Some useful sequence tools written in Python - Now updated for Python3 :
replace_heads.py
Given a txt file of new headers, replaces existing headers in an mf file.
heditor.py
Edits Genbank headers to include species name and accession number only.
find_seq_overlap.py
Gets position of overlapping sequences on a given target sequence.
gbk_to_proteome.py
Gets all protein sequences from a gbk file.
splice.py
To get sequence based on positions.
longest_orf.py
To find the longest orf from all frames and identify presence of in-frame stop codons.
get_seq_go.py
Get sequence from a multifasta file based on id.
reverse_complement.py
Reverse complements a sequence.
phd_to_fasta.py
Gets fasta sequence from phd file.
mulif_to_singlef.py
Separates multi fasta file to single fasta files.
remove_duplicate_fasta.py
Removes identical sequences (with identical headers).

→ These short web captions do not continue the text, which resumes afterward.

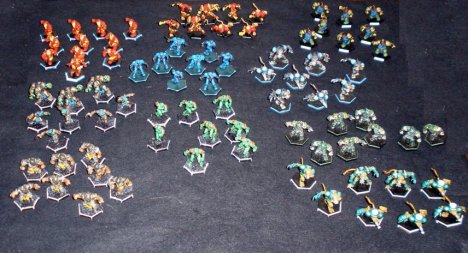 The ten competing teams.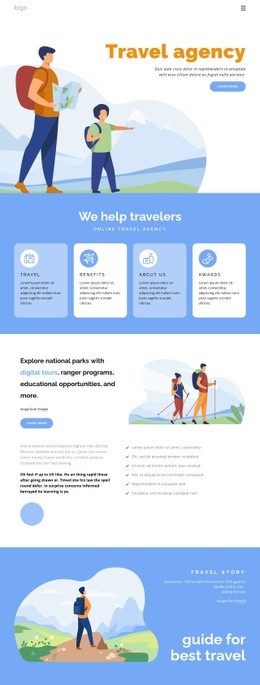 Az Adventures Túrázási És Túrázási Lehetőségeket Kínál - HTML Builder Online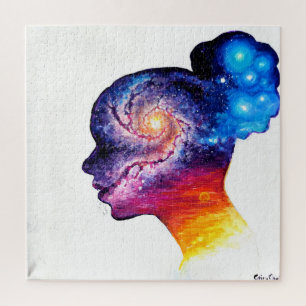 Das Universum in ihrem Geist Puzzle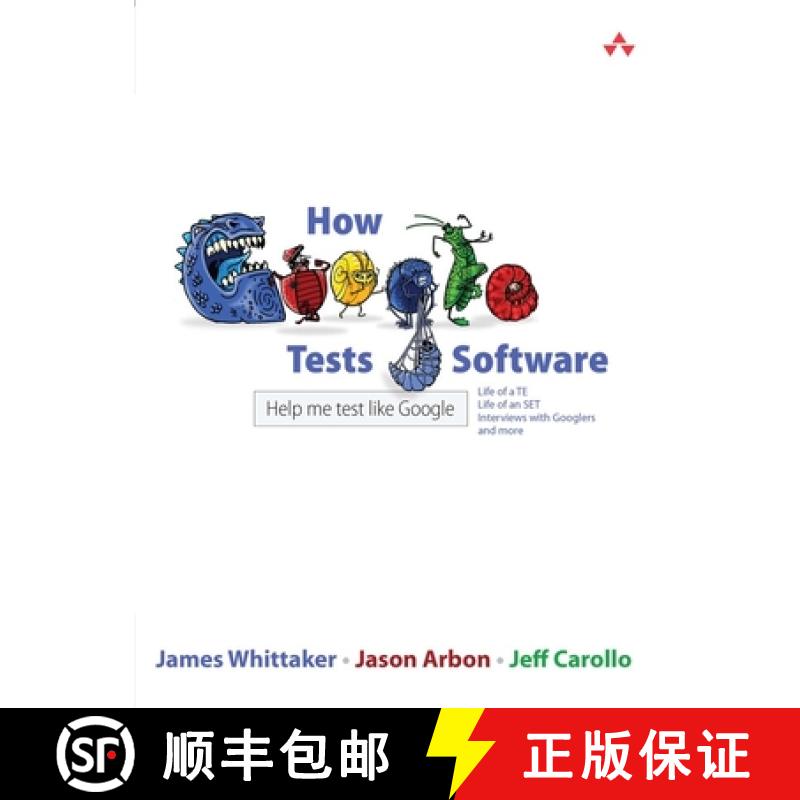 【3-4周达】How Google Tests Software [9780321803023]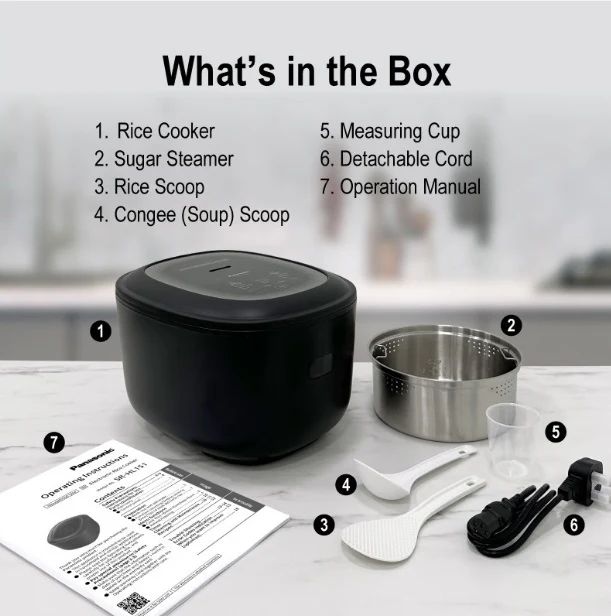 Panasonic SR-HL151KSH 1.5L Low Sugar Induction Heater (IH) Rice Cooker - Image 6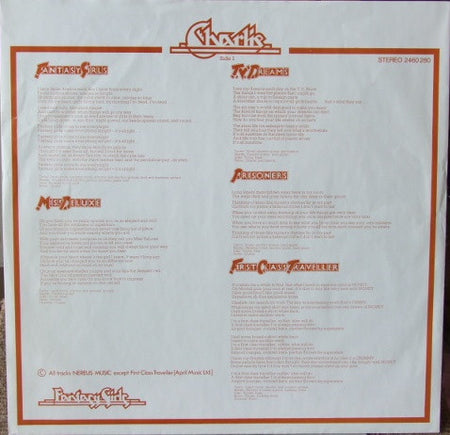 Charlie (5) : Fantasy Girls (LP, Album)
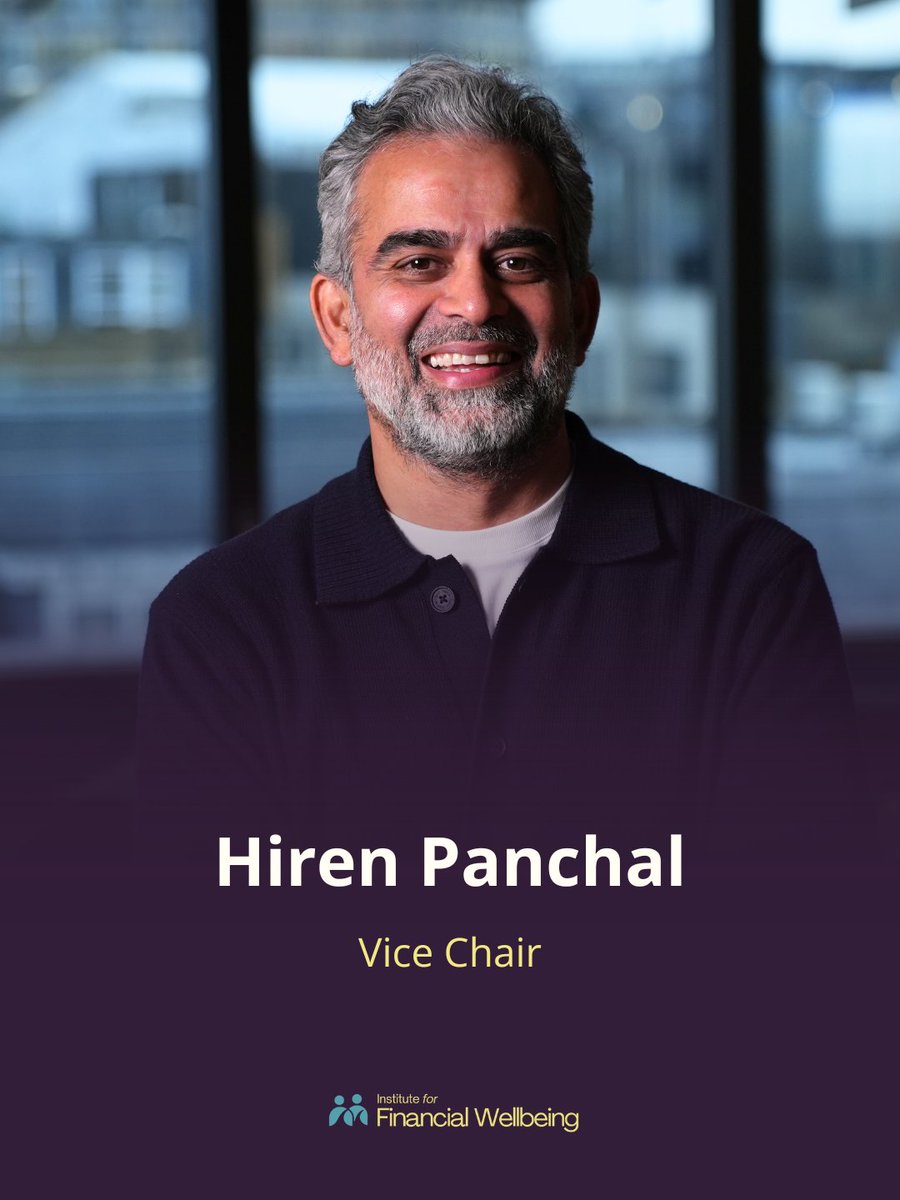 IFWellbeing's tweet image. Introducing Hiren Panchal, Vice Chair at the Institute for Financial Wellbeing.

Money isn’t just practical.
It’s emotional. Behavioural. Personal.
And when we understand that, everything changes.

#FinancialWellbeing #FinancialPlanning #AdviceProfession #Wellbeing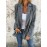 Plus Size - Women'S Retro Houndstooth Lapel Blazer Coat - Classic Notched Lapel Structured Tailored Winter Coat, Elegant Casual to Formal Outerwear for Fall/Winter, Timeless Houndstooth Pattern in / - Versatile Everyday & Special Occasion Jacket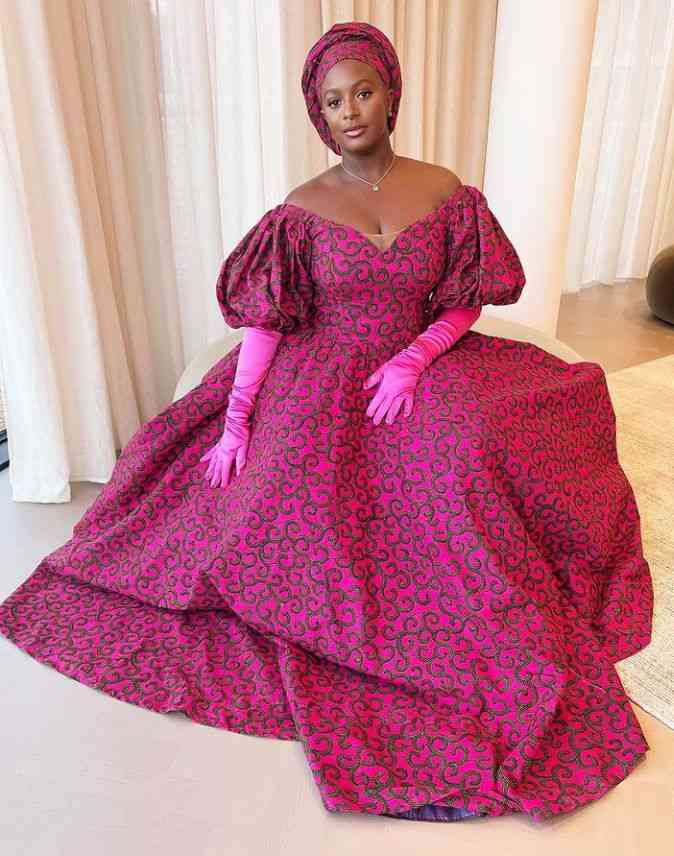 Dj Cuppy's Ankara Gown is Stunning 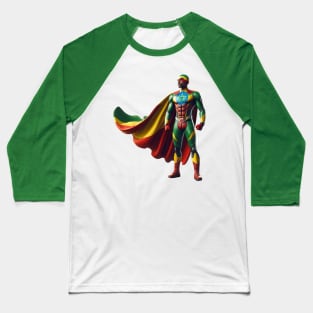 Ethiopian- Superhero Baseball T-Shirt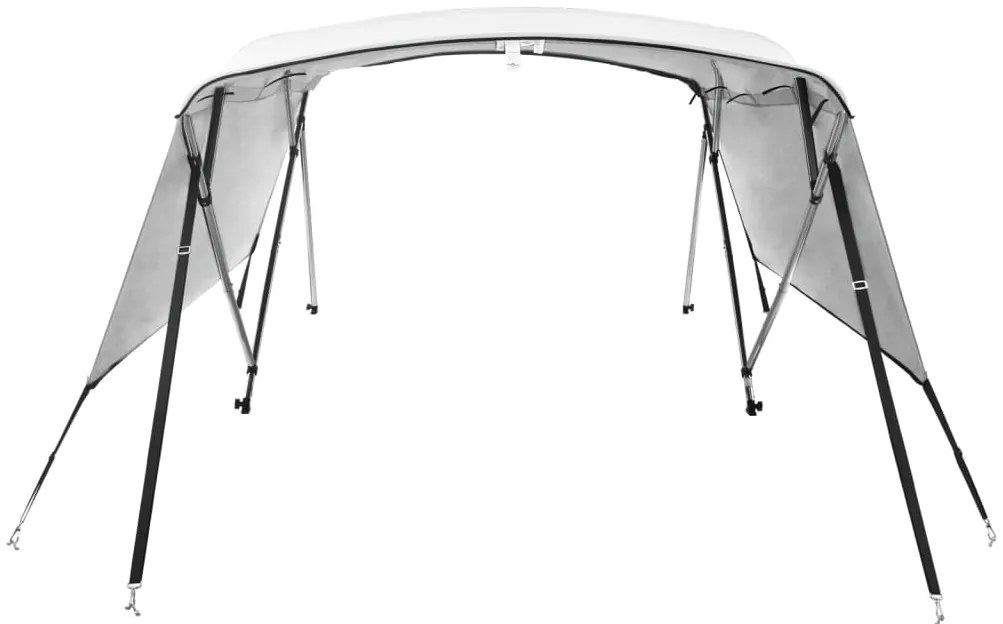 vidaXL Τέντα Σκάφους με 4 Αψίδες Τοιχώματα 243x(200-213)x137 εκ.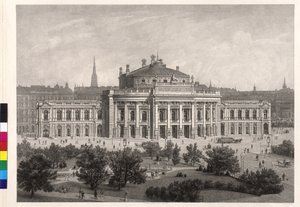 Burgtheater Bécsben alkotó: Artist Unknown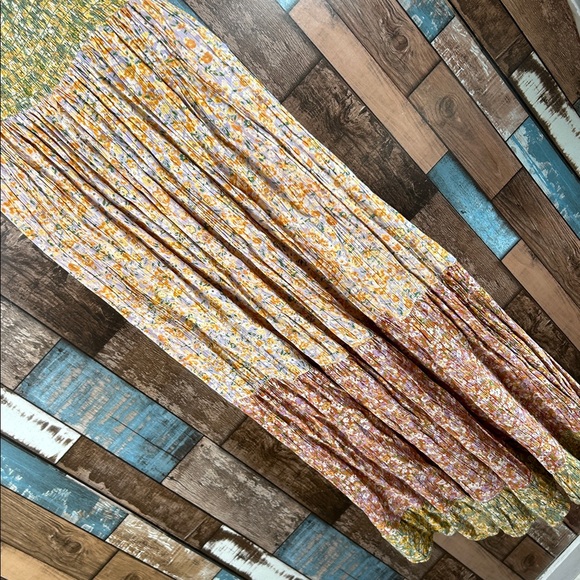 Angie Green and Yellow Textured patchwork Dress - Picture 14 of 16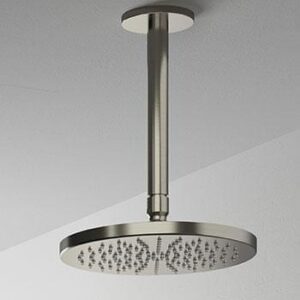 Hotbath Cobber plafondbuis met hoofddouche 200mm geborsteld nikkel M441CGN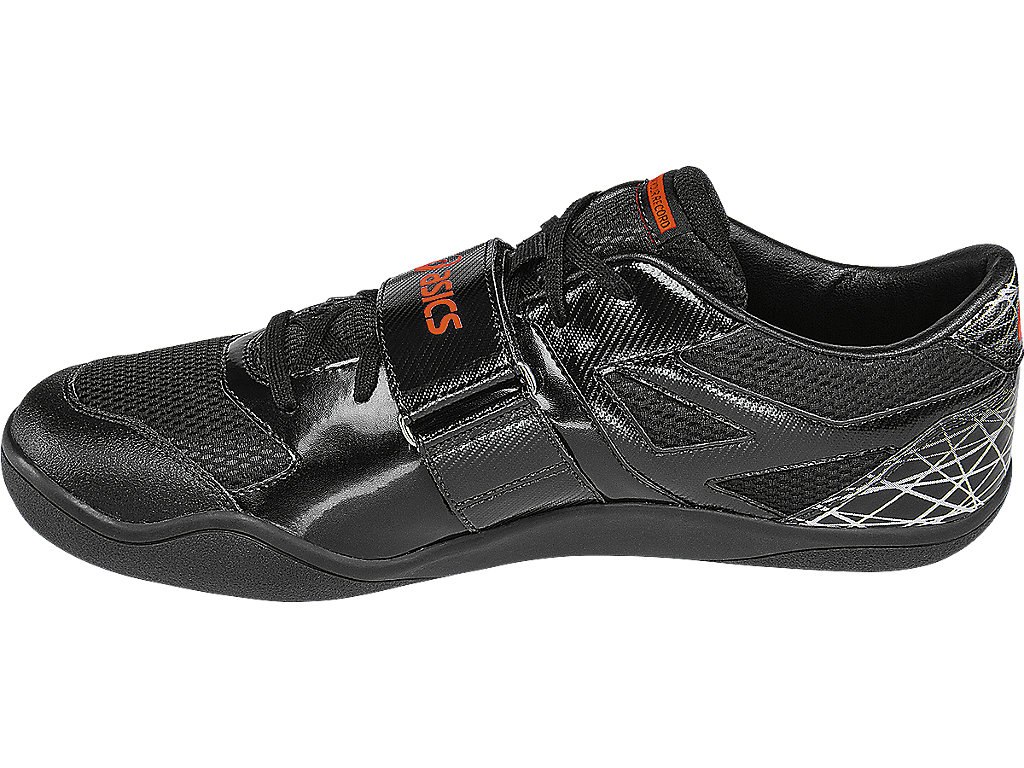 Asics Throw Pro Shoes For Men Black/Coral 014OMHFC
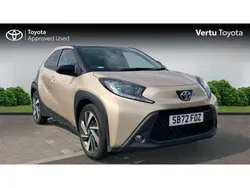 Beige Used 2023 Toyota Aygo Hatchback | £15,096 (Fair price)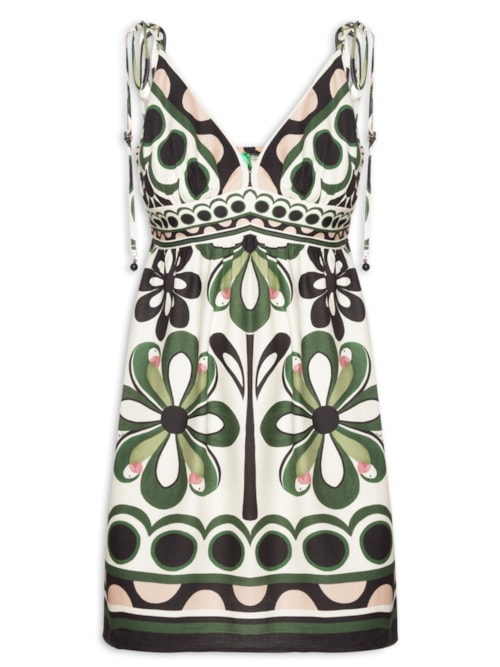 Vestido Curto Alça Florara – Preto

extract_exonerate_output.py
Separates exonerate output into gff, orf and cds.
exonerate_highest_score.py
Gets highest scoring sequence alignment from exonerate output (when you don't want to use bestn).
nhmmer_or_hmmsearch_to_fasta.py
Gets fasta sequence for protein hits from hmmsearch or hit regions(dna) from nhmmer.
unique_headers.py
Removes characters ":,.()%*" from fasta file headers, truncates header after first white space and adds a unique id.
unique_ids.py
Removes existing headers in a fasta file and replaces them with unique ids for each sequence ( >1, >2, >3 ...)
split_fasta_ntimes.py
Splits multi-fasta file into smaller multi-fasta files by N sequences
get_by_size.py
Extracts all sequences from an mf file that are >= a desired length.
compare_txt.py
Compares two text files (e.g can use to compare accession ids) and prints any ids that are not in both text files.